Made with the against-all-odds Brit-dramedy template that probably should’ve been broken — or at least put into lengthy hibernation — after the Full Monty, Gaby Dellal’s On a Clear Day leaks enough sentimentalism to slay Lars von Trier. The man against the wall here is Frank Redmond, a stoic, no-nonsense Glaswegian shipbuilder whose one-dimensionally asshole boss lays him off after 30 years of company dedication. So Frank reacts the way anyone would: he decides to swim the English Channel.

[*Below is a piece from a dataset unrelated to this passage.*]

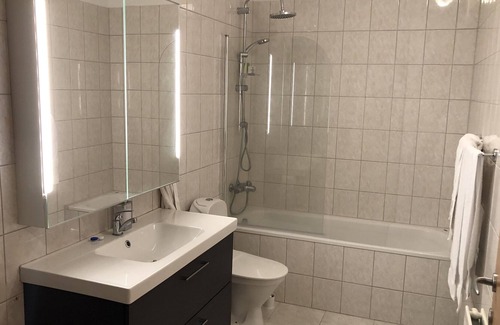 Innri-Njarthvik Apartamento | Hermoso apartamento en keflavik - Excelente ubicación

Needing help to train and plan, Frank recruits his crew of quirky mates — stock characters all, from the cutesy-lecherous Merv the Perv, the inept-but-cheerful Danny, and the loony-but-loveable sailor Mad Bob. From there, uninspired subplots abound, often having to do with Frank’s long-simmering guilt over his son’s drowning death (talk about irony!) and the alienation between him and his wife, Joan. When Frank finds new determination after observing a handicapped boy swimming the width of a pool, Clear Day reaches the treacle tipping point. Two guesses as to his success swimming the Channel and patching things up with his family a few minutes later.

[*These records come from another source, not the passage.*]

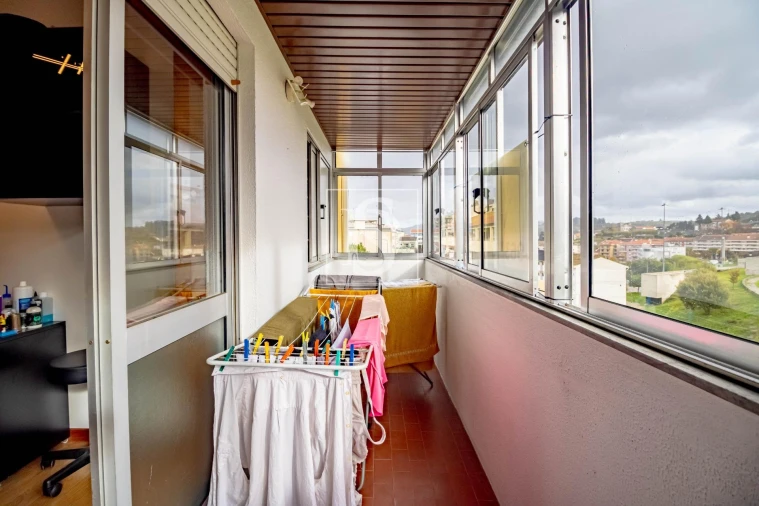 Apartamento T3 para Venda em Avões Foto 5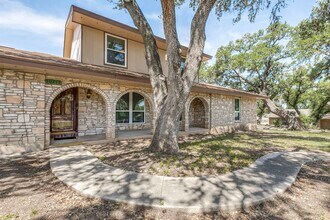 10215 Charter Ridge in San Antonio, TX - Building Photo - Building Photo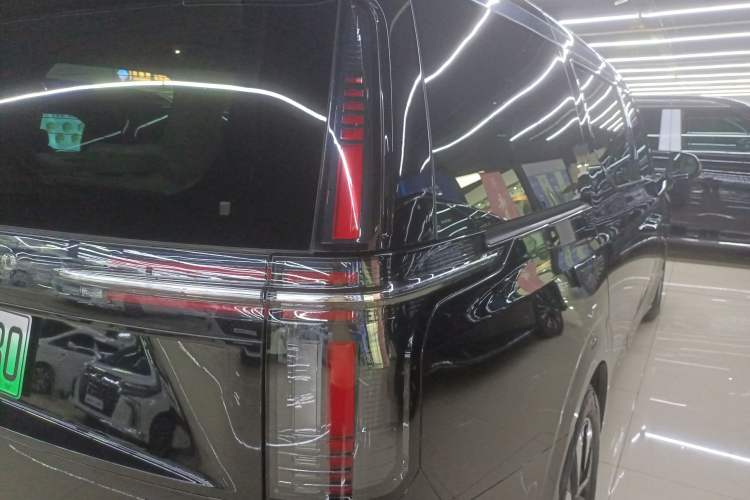 Used Volvo EM90 2025 Ultra Six-Seater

Dellal’s greenness is constantly apparent. Unlike in Jim Sheridan’s achingly sad and beautiful ode to his lost son, In America, the deep psychological wound of losing a child bears no weight in Clear Day. Only Frank seems to remember the kid; even Joan is oddly detached from any kind of mourning. As Frank, Peter Mullan is the strong, rugged anchor of Clear Day. But Dellal undermines his performance — and the emotions at the movie’s center — with cliché pub humor, slapstick stupidity, and a goose-bumps-on-cue score. Clear Day is harmless enough, but, alas, that very ineffectiveness is its fatal flaw.